Aim of the task:
Although pictures appear in the entries below, leave them out and print exactly the lines from the first line through the line containing "NSK Pana Spray".

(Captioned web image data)
--------------------

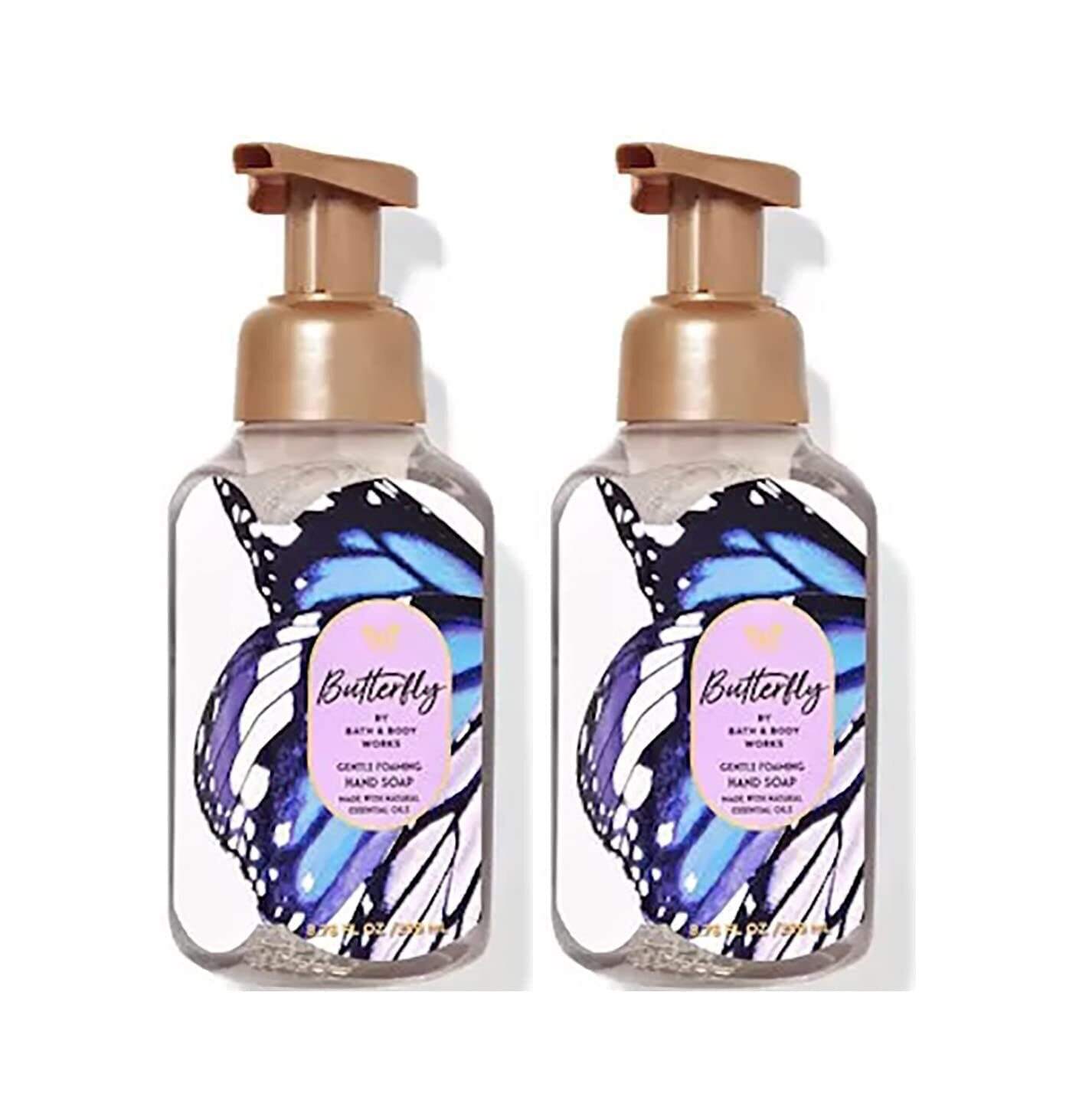 Bath & Body Works Butterfly Gentle Foaming Hand Soap 8.75 Ounce 2-Pack (Butterfly)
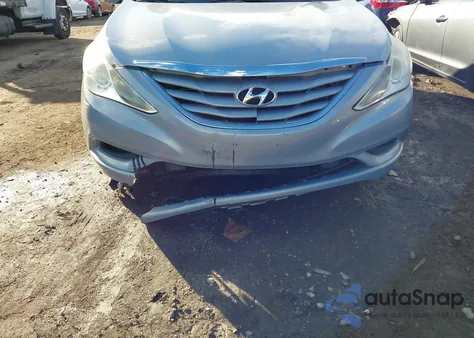 2012 Hyundai Sonata Gls from USA, damaged, VIN 5NPEB4AC0CH332642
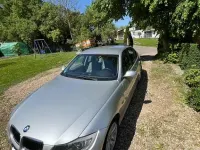 Gebraucht BMW 318 143 PS (105 kW) 2008 Silber Limousine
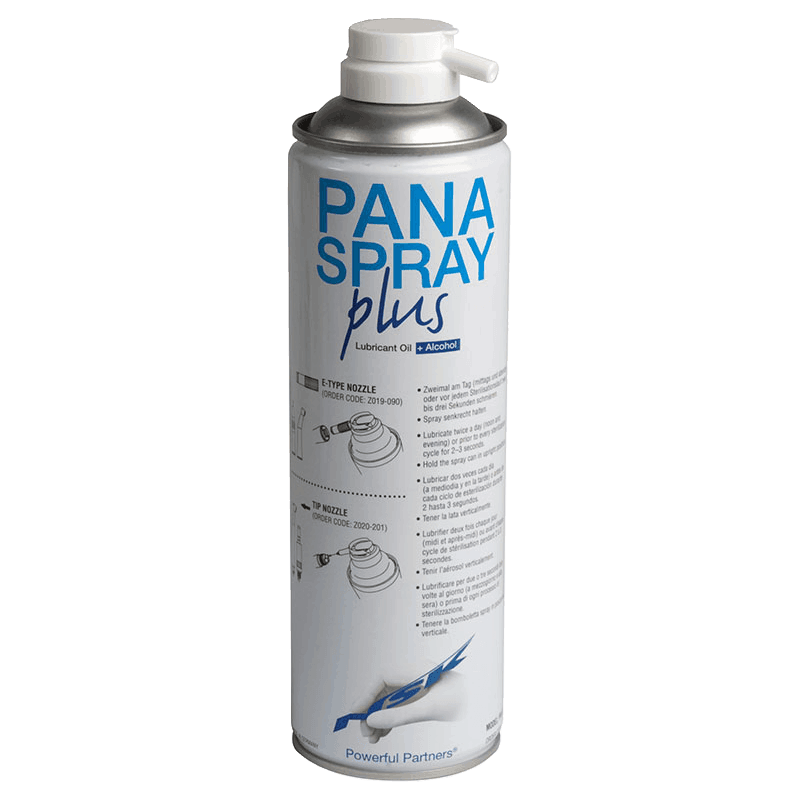 NSK Pana Spray Lubricant Oil (480 ml) Precision Dental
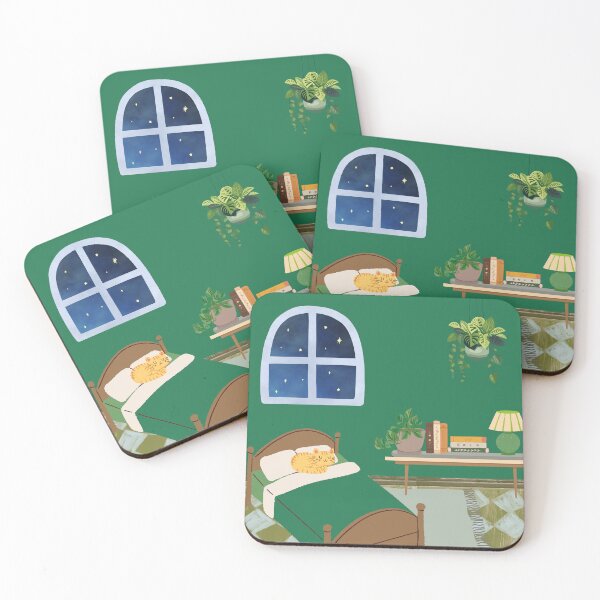 Item preview, Cozy Green Bedroom designed and sold by emh-11.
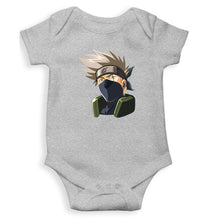 Load image into Gallery viewer, Hatake Kakashi Kids Romper Kids Romper For Baby Boy/Girl-0-5 Months(18 Inches)-Grey-Ektarfa.online
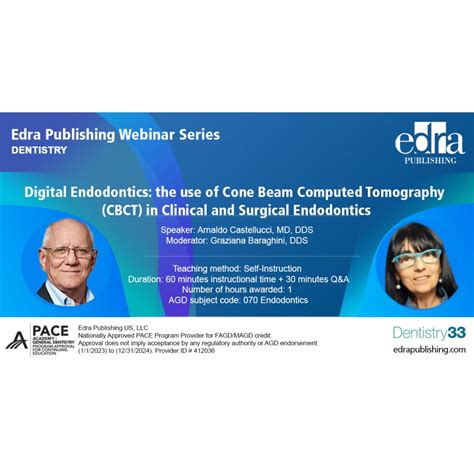 Digital Endodontics The Use Of Cone Beam Computed Tomography Cbct In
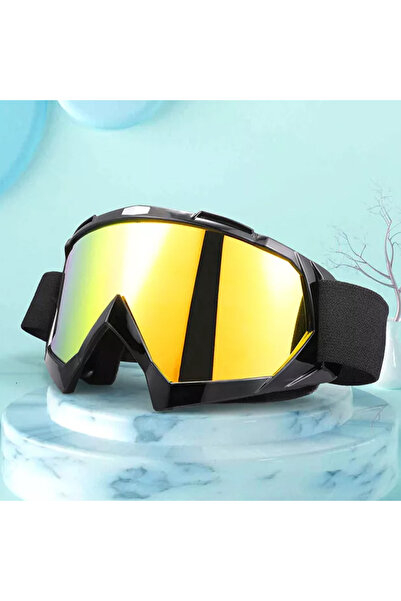 NO BRAND Ochelari de schi Ochelari de snowboard Iarnă Antivânt Anti-aburire UV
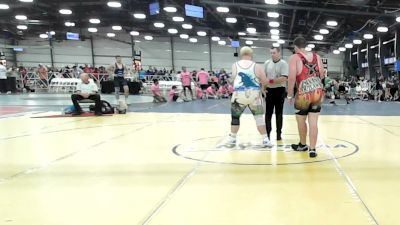 285 lbs Rr Rnd 2 - Spencer Smitley, Indiana Outlaws Yellow - HSB vs Daylon Adams, GT Zilla - HSB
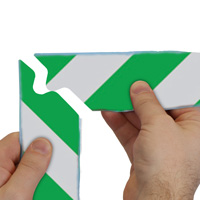 Floor sign kit for eye wash station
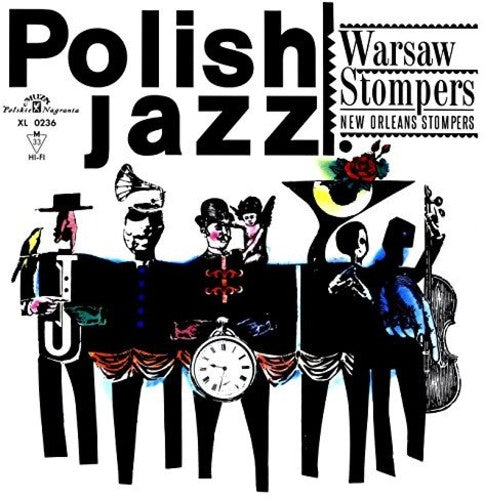 Warsaw Stompers New Orleans Stompers (Polish Jazz) - Record Album - Vinyl LP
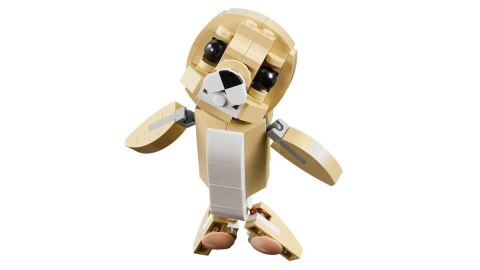LEGO Creator 3w1 31162 - Uroczy króliczek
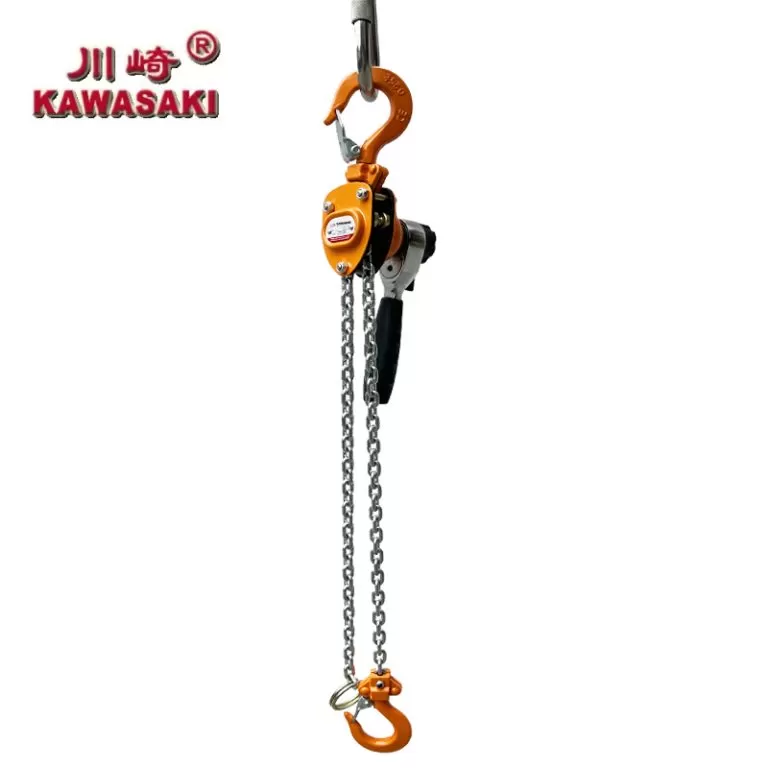 KAWASAKI MANUAL HOIST LEVER HOIST MINI HSH-L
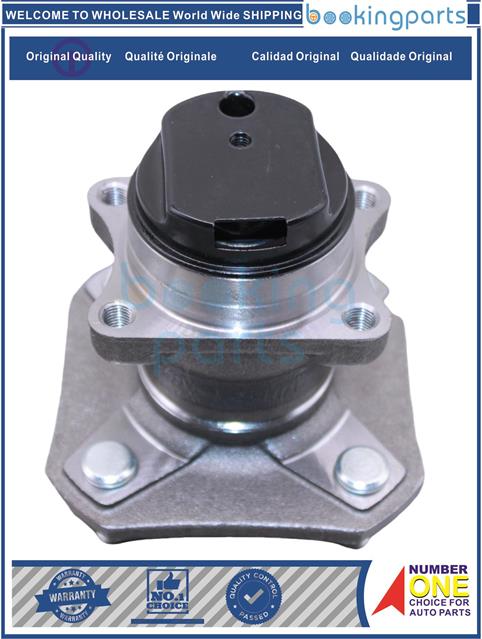 WHU77276-TIIDA C11 05-12 GRAND LIVINA PH L10P 08-13,[2 HOLES ON CAP,SAME HUB AS WHU35014] -Hub Unit....179646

--------------------

Result for this task:
 Bath & Body Works Butterfly Gentle Foaming Hand Soap 8.75 Ounce 2-Pack (Butterfly)
 2012 Hyundai Sonata Gls from USA, damaged, VIN 5NPEB4AC0CH332642
 Gebraucht BMW 318 143 PS (105 kW) 2008 Silber Limousine
 NSK Pana Spray Lubricant Oil (480 ml) Precision Dental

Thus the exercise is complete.